Under the ordinance, stores 40,000 square feet or larger would have to demonstrate all four areas of public benefit. Stamey said he was worried the areas might not lend themselves to every site or building, therefore making it impossible for some developers to meet the code.
Councilman Loui Antonucci said the council was looking at an ordinance that might not be workable and needed more thought.
"I am rather hesitant to approve something that needs to be corrected," he said. "Also, you can't just pass something through before resolving issues. It really isn't serving the greater purpose."
Council President Paul Strong said all four of the added public benefits in the code gave enough leeway and options so that sites of more than 40,000 square feet could meet the guidelines.
"I don't know why anyone couldn't meet all four," he said.
He also said his intent on regulating big-box stores had been very clear.
"My real intent is to try to make Steamboat Springs unique as a tourism destination," Strong said, which he said is encouraged by having large stores limited to 20,000 square feet south of 13th Street.
In other business:
n The council agreed to open up its community support portion of the budget to all nonprofit organizations. In the past few years, the city had not allowed any new nonprofits to request funding and held all the current nonprofit funding at the same level. The council also agreed to appoint council members to work with staff to refine the community support portion of the budget.
n City attorney Tony Lettunich announced that the Upper Yampa Water Conservancy District has filed a motion with the Colorado Water Conservation Board to restrict the amount of flows the city could ask for in its water rights application. Last week, the state water board denied the city's water rights application but did not say what would be acceptable water flow. The Upper Yampa Board asked that it limit the water rights from April 15 to July 15 to flows of 350 cubic feet per second and that the water right not be for tubing or rafting.
n The council approved the first reading of an ordinance allowing the city to buy 101 acres of open space at the north Lafarge gravel pit. The land would be purchased through money from the Yampa River Legacy Project, Great Outdoors Colorado, Routt County Preservation of Development Rights and the Colorado Division of Wildlife. The land will be accessed off River Road and sits next to the Chuck Lewis State Wildlife Area.
n The council approved the first reading of an ordinance, which is a contract between the city and the Colorado Division of Wildlife on managing the 101 acres of open space.
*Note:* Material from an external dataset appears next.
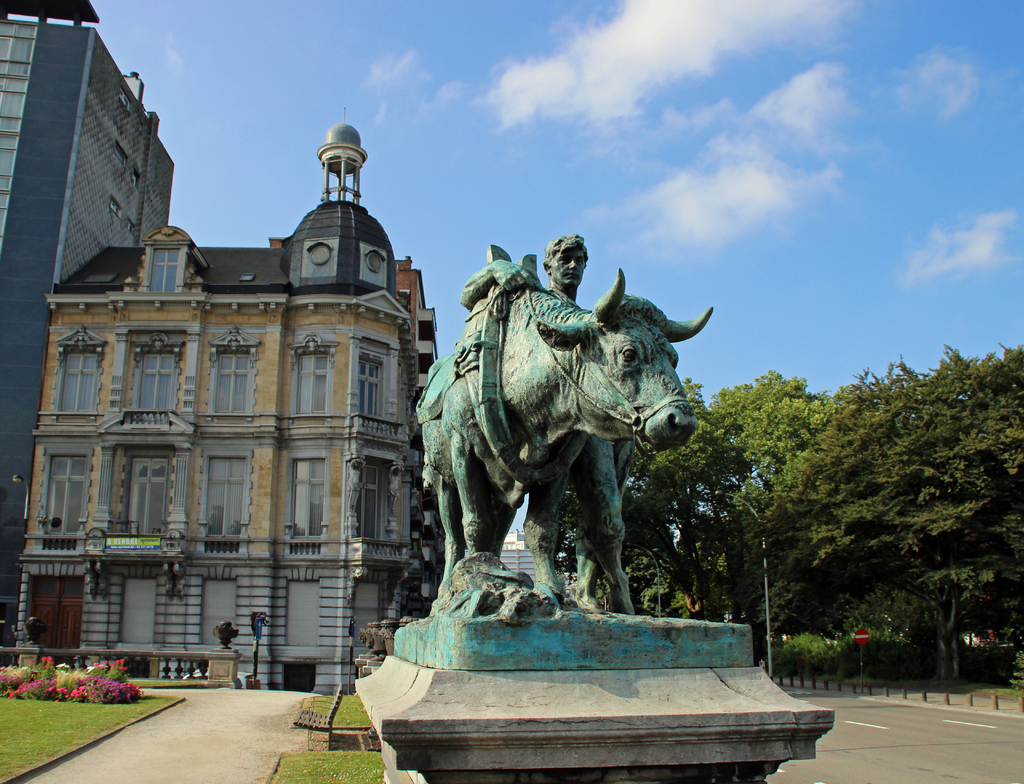 Lais Puzzle - Lüttich, Belgien - 1.000 Teile p-349160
n In a 4-3 vote, the council approved to match an $115,956 Federal Aviation Administration grant with $6,101 for the purchase of snow removal equipment at the Steamboat Springs Airport. Councilwoman Susan Dellinger asked if money should continue to be spent on the airport and asked to table the item until the council had a chance to discuss the future of the airport. Councilman Ken Brenner and Steve Ivancie also voted against the funding.
n The council approved the final development plan for phase one of Wildhorse Market Place, a commercial and office development in the area encompassed by Mount Werner and Pine Grove roads and U.S. Highway 40. The approval included a 20,080-square-foot retail store that is intended for Gart Sports. A 10,168-square-foot office building, a 9,921-square-foot retail and restaurant building and a 12,535-square-foot retail and restaurant building also were approved.
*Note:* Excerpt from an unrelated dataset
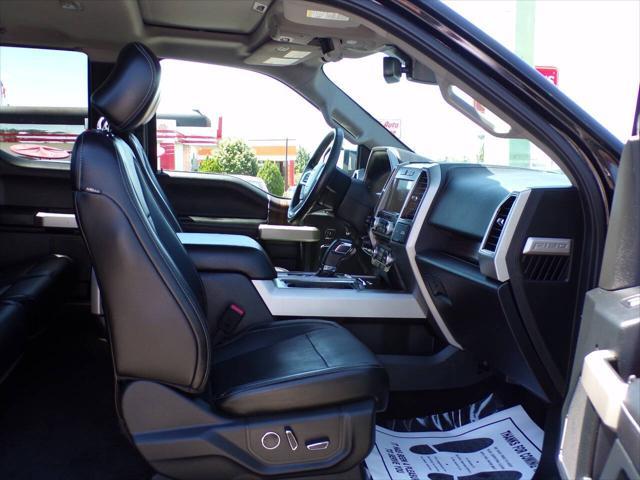 used 2017 Ford F-150 car, priced at $22,995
n The council approved the final development plan for a mixed-use development at the corner of Yampa and 11th streets. The development would have 11 townhomes, two employee-designated apartments and commercial space on the bottom of the buildings.
n The council approved the final development plans for an automobile sales and service center on the southwest corner of Curve Court and U.S. Highway 40. The applicant, Cook Chevrolet, proposed a 12,500-square-foot building and outdoor automobile display area.